What do you do when every startup-minded Wharton student wants to pick your brain? Take them on your commute.

Kartik Hosanagar, Wharton professor, investor and entrepreneur, outside his home in Society Hill. (Photo by Juliana Reyes)

It was 2008, during the Great Recession, when Kartik Hosanagar started to noticed the switch.
Wharton students began choosing entrepreneurship over careers in consulting or banks. That meant Hosanagar, a Wharton professor who cofounded startups and has invested in nearly a dozen others including Monetate and RJMetrics, was suddenly more in demand than ever.
It ramped up even more over the last three years: he’d get emails from students every day, asking to meet with him to get his feedback on a startup idea or advice on a startup job offer. Coupled with normal office hours for students in his classes, it started to get out of hand.
His solution? Walks.
Hosanagar does a daily “brisk walk” from Penn’s campus to Center City (he lives in Society Hill with his wife, SmartyPAL founder Prasanna Krishnan), accompanied by a student who’s signed up to walk with him — and pitch him or ask for career advice. He uses a Google spreadsheet to organize the walks.

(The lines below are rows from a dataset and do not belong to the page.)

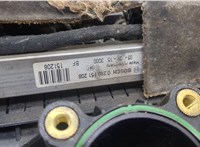  Коллектор впускной Opel Corsa C 2000-2006 20583375 #5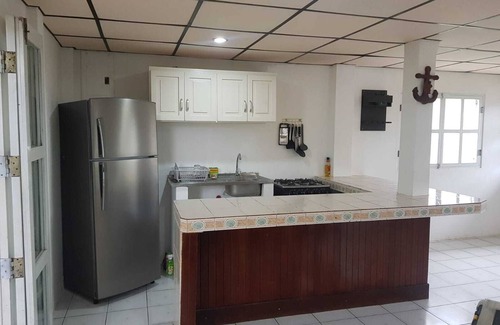 Comuna San Jose House | SAN JOSE ROUTE OF THE SUN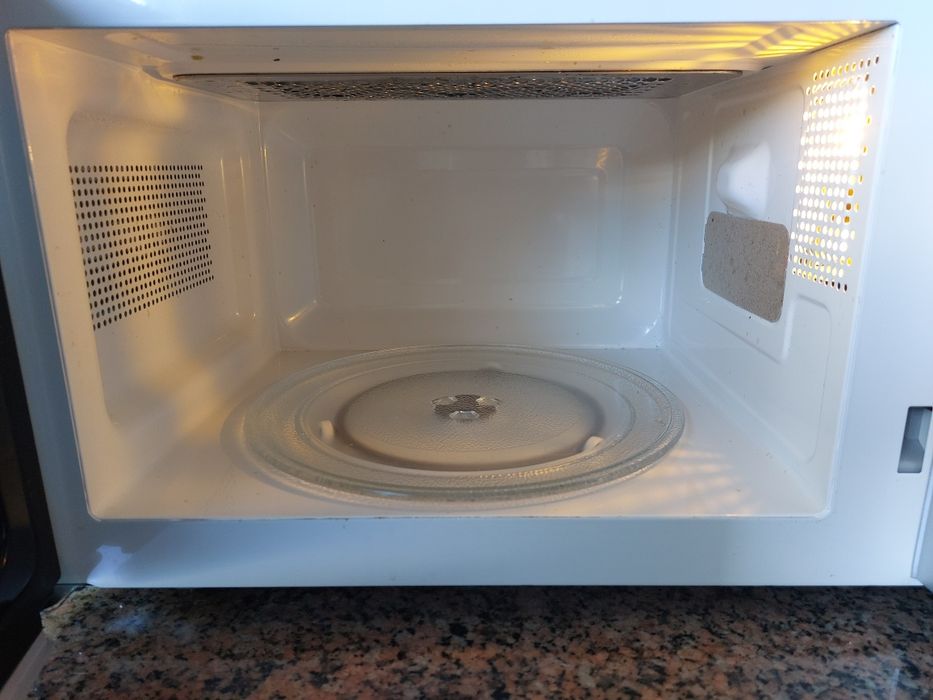 Microondas Electronia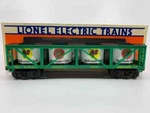 Gauge Lionel Railroader Club Vat Car. LN/C8 # 6-19940. Fixed Price $13.50.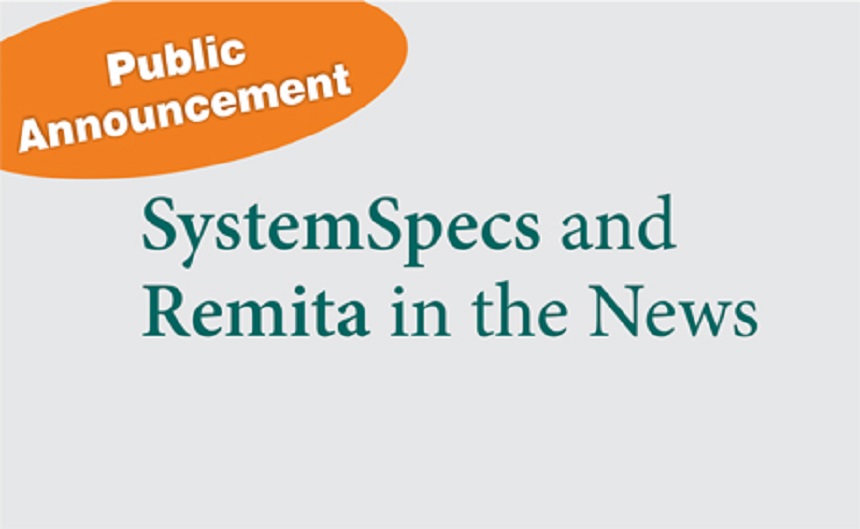 SystemsSpecs Takes Remita Payroll to Ghana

Even throughout the winter’s snow, ice and rain, Hosanagar kept up the walks. During a recent interview, Krishnan said she knows all too well about her husband’s walks.
“Sometimes I’m forced to do a walk with Kartik,” she said, winking at him.
Hosanagar’s recent investments include those in Sunnyvale, Calif.-based OpsClarity and New York City-based MaestroIQ, both of which were founded by Wharton students. He’s also working on SmartyPAL, the iPad platform for children’s books that his wife is running.